* _Exercise materials_
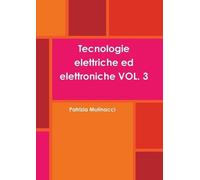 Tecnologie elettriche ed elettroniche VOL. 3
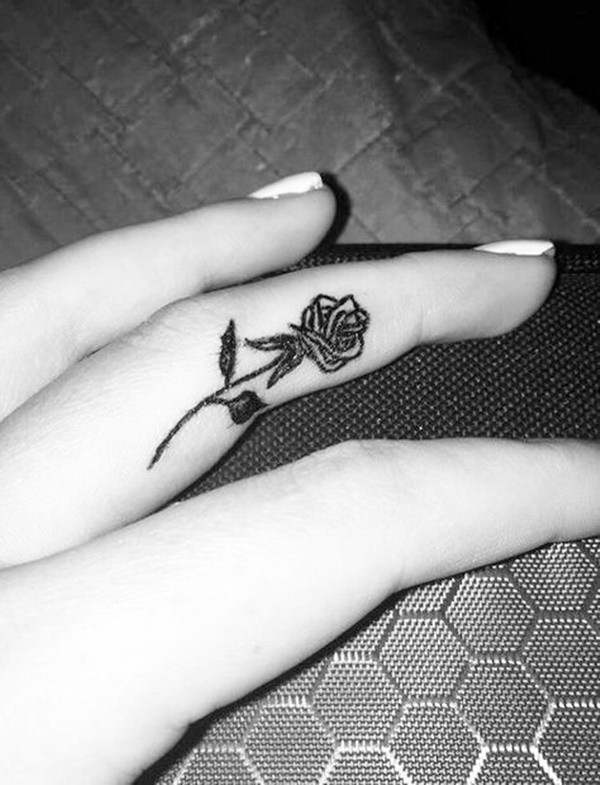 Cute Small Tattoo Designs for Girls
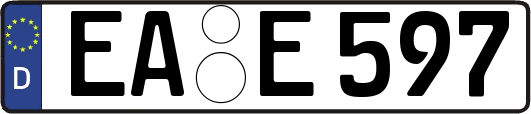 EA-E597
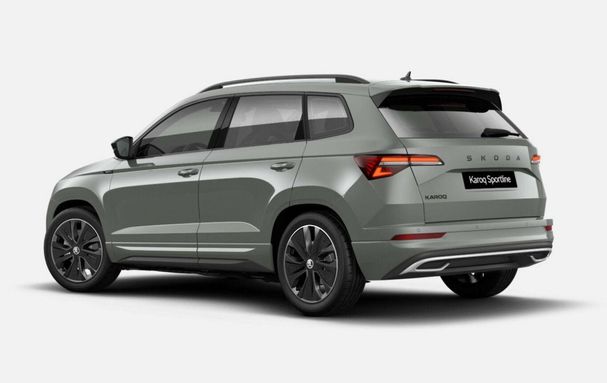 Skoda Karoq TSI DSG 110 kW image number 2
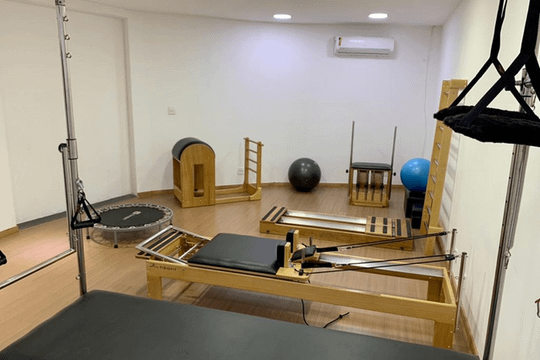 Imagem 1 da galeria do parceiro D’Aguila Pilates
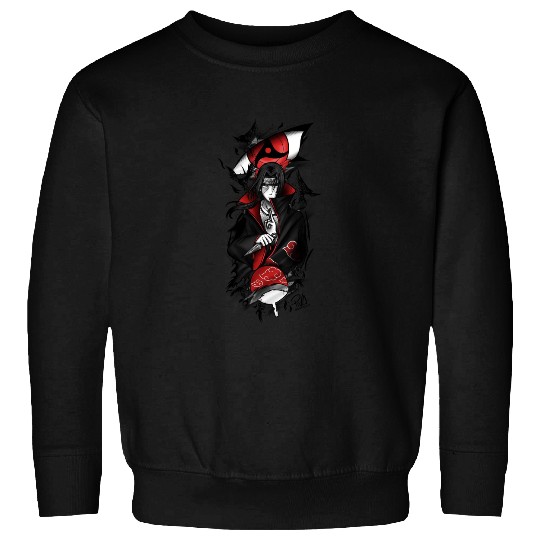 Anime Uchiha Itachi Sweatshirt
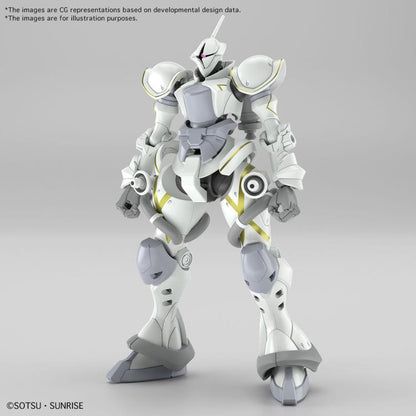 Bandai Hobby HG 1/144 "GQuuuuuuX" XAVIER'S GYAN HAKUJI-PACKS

* * *

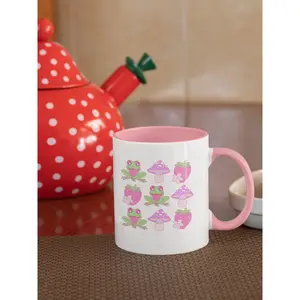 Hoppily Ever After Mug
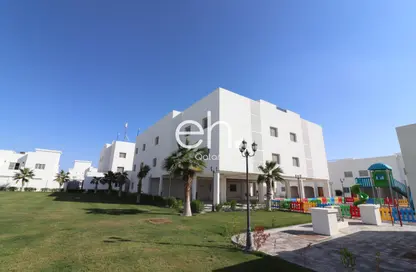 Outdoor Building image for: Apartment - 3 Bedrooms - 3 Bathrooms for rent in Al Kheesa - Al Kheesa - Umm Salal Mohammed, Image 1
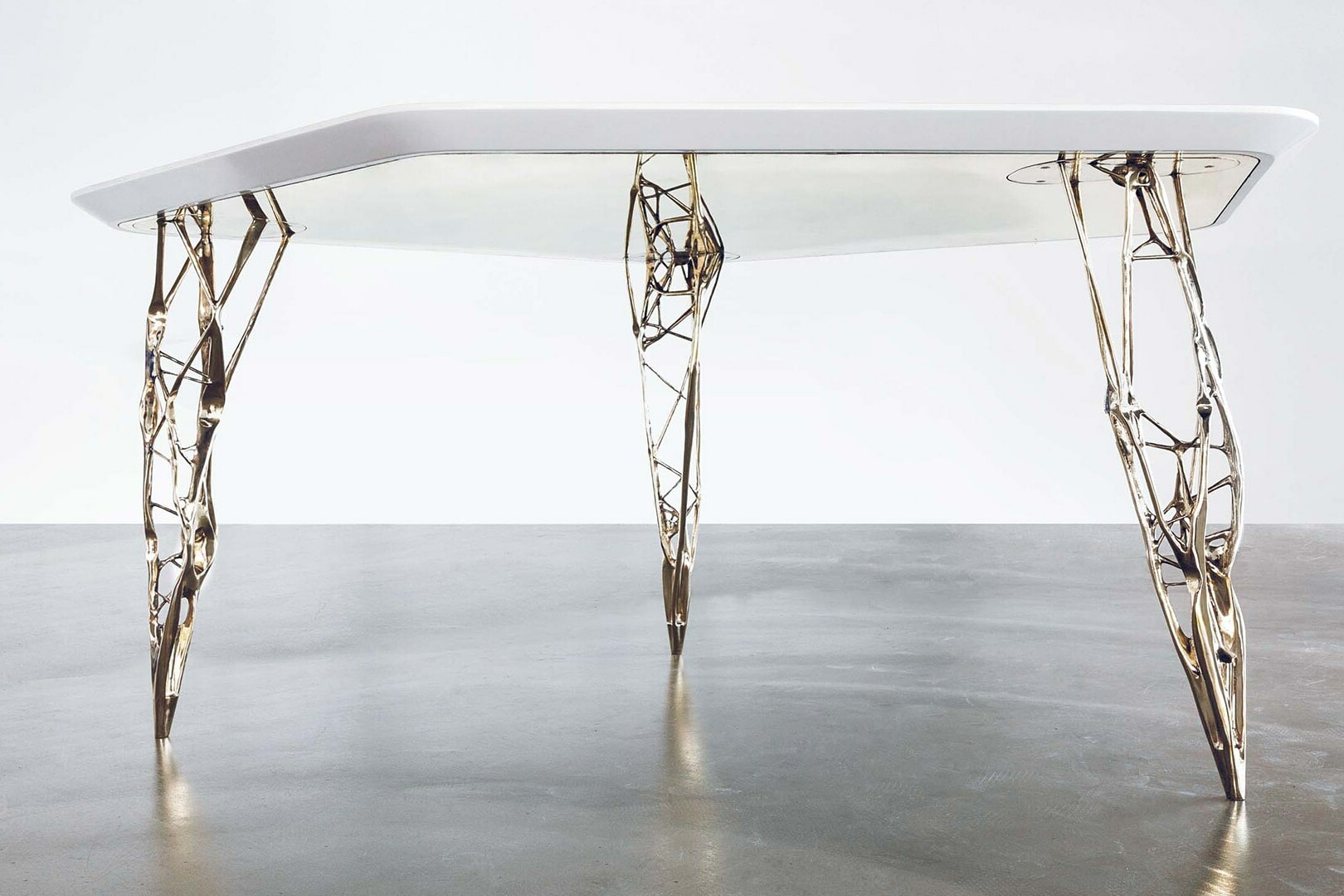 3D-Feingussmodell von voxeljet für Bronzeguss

* _What the exercise asks_
Please return the material above only from the line that holds "Outdoor Building image" through the line that holds "3D-Feingussmodell von voxeljet", exactly as it stands, ends included and pictures omitted.

* _Answer for this exercise_
 Outdoor Building image for: Apartment - 3 Bedrooms - 3 Bathrooms for rent in Al Kheesa - Al Kheesa - Umm Salal Mohammed, Image 1
 3D-Feingussmodell von voxeljet für Bronzeguss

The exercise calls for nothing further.